/---
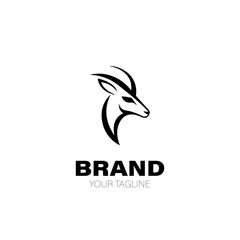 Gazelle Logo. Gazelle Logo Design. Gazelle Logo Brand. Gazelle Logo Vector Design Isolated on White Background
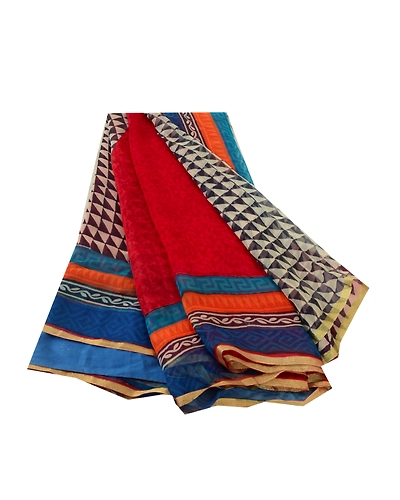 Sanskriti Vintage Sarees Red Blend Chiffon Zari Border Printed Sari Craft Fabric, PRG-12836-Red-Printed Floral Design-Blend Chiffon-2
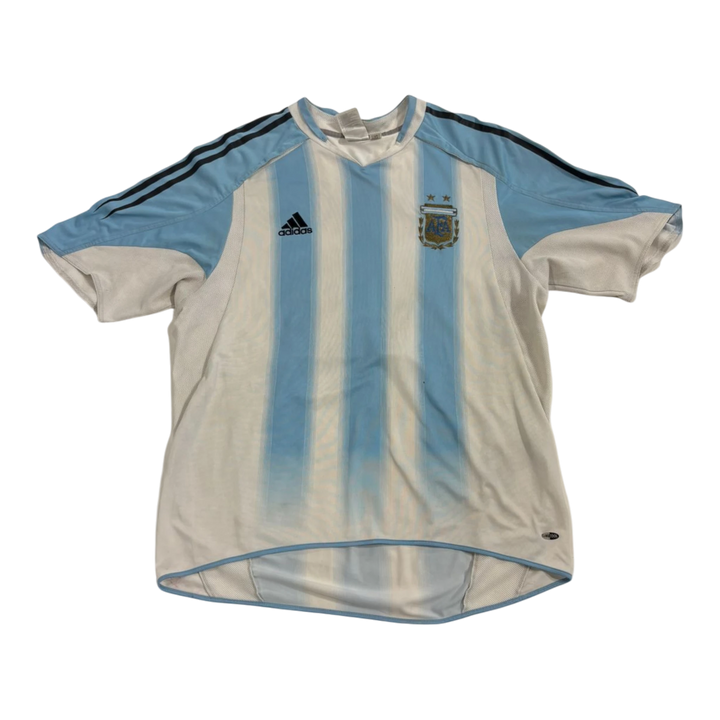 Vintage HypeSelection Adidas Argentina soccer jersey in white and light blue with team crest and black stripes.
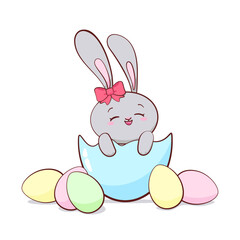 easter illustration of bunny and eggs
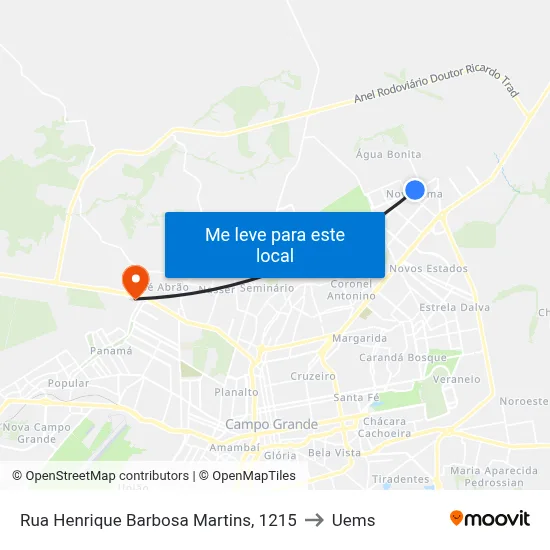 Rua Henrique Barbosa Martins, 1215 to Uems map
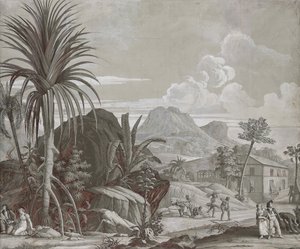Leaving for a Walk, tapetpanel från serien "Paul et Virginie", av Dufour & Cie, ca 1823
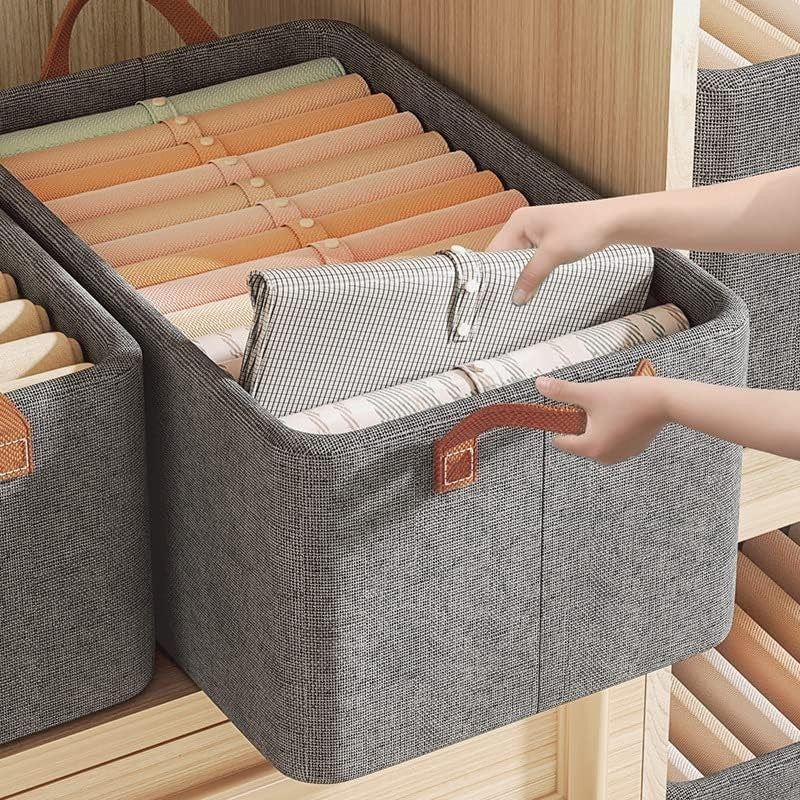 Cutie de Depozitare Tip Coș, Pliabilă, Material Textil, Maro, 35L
\---
Assignment → Write out all the entries word for word, but drop the pictures.

Solution to the exercise →
 Gazelle Logo. Gazelle Logo Design. Gazelle Logo Brand. Gazelle Logo Vector Design Isolated on White Background
 Sanskriti Vintage Sarees Red Blend Chiffon Zari Border Printed Sari Craft Fabric, PRG-12836-Red-Printed Floral Design-Blend Chiffon-2
 Vintage HypeSelection Adidas Argentina soccer jersey in white and light blue with team crest and black stripes.
 easter illustration of bunny and eggs
 Rua Henrique Barbosa Martins, 1215 to Uems map
Leaving for a Walk, tapetpanel från serien "Paul et Virginie", av Dufour & Cie, ca 1823
 Cutie de Depozitare Tip Coș, Pliabilă, Material Textil, Maro, 35L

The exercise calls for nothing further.